Taylor was thinking of opening the Gala with his own version of “There’s No Business Like Show Business.”

“I have a version of it on the guitar which actually sounds more Brazilian than like what it is—which is the showbiz anthem. It’s really a great tune.”

Taylor admitted that he is in some ways an odd fit in the Ethel Merman show business tradition represented by that song. When we spoke, he had just watched the Grammy Awards and observed that Lady Gaga was a lot more showbiz in the old razzmatazz sense than he ever had been.
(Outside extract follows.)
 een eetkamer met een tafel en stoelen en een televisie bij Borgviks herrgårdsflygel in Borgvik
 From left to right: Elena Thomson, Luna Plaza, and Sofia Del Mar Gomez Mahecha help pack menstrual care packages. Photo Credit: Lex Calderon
“I think in a way, the more authentic you are and more personally direct you are with an audience, the less comfortable you are with that kind of thing,” Taylor said. “In a way, a Gala performance is a very un–James Taylor thing to approach for me. But there’s a way to do it my way, and that’s what it’ll be. I presume they knew whom they were asking.”
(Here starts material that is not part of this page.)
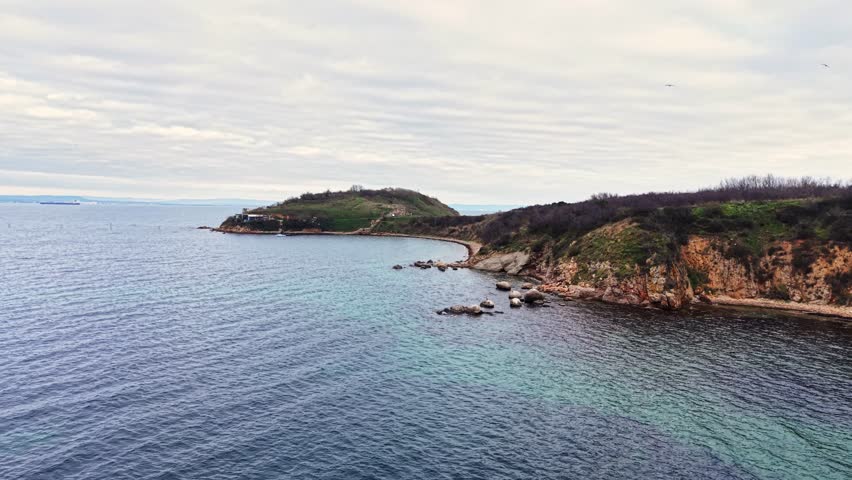 An aerial view captures the rocky coastline, green hills, and calm blue waters. The scene is peaceful, showcasing nature's beauty during a cloudy sunset.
At the time, Taylor was still making phone calls, inviting performers who he thought could represent different aspects of the 120 year story. He was delighted that Barbara Cook agreed to take part in the evening.
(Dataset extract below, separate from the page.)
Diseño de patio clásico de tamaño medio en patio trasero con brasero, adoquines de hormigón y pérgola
“Barbara is the real thing,” Taylor said with a smile. “She did those defining performances in so many Broadway productions. Three or four of the albums that were always playing in my family’s home had Barbara Cook in the original cast. And she’s at the height of her power. She’s extremely strong—such an amazing talent, such a deep and resonant history.”

Broadway musicals turn out to have been an unexpected—and important—part of Taylor’s musical upbringing.

“My dad moved us down to North Carolina from Boston,” Taylor said. “My mother, in many ways, felt as though she was living on the frontier. I think she hungered for New England. She used to haul us up the coast to Massachusetts in the family station wagon every June, a two-day trip. But every two or three months, we’d go to Durham, get on the train, and come up to New York and she’d expose us kids to a little of the big city. My sister Kate and I saw the original My Fair Lady with Rex Harrison and Julie Andrews. It was transformational. And we listened to all those albums. We listened to Oklahoma, we listened to Carousel and South Pacific. So many of those original cast albums were with Barbara Cook.”

He returned to the present day and the impending Gala.

“There’s something about Bette Midler—something so sly and wry. She has that twinkle in the eye. She’s so much fun to be around, to work with, and most of all to watch and listen to. She just has this glow, this passionate connection with the music. This is a great small company that’s assembled to do this thing with some real luminaries—and maybe some other surprises that I can’t allude to yet.”

He asked which song Groucho sang in the canoe in Horse Feathers.

“Everyone Says I Love You.”

Taylor repeated the title and hummed the melody. He weighed the relative merits of that song and “Lydia the Tattooed Lady.”

Taylor reeled off names of more notable artists who appeared at Carnegie Hall. He mentioned hearing Lenny Bruce records in a Carolina record store as a kid and discovering a secret language. Lenny Bruce performed at Carnegie Hall, too, he said.

As he spoke, he scribbled notes to himself, reminders. James Taylor was having a terrific time.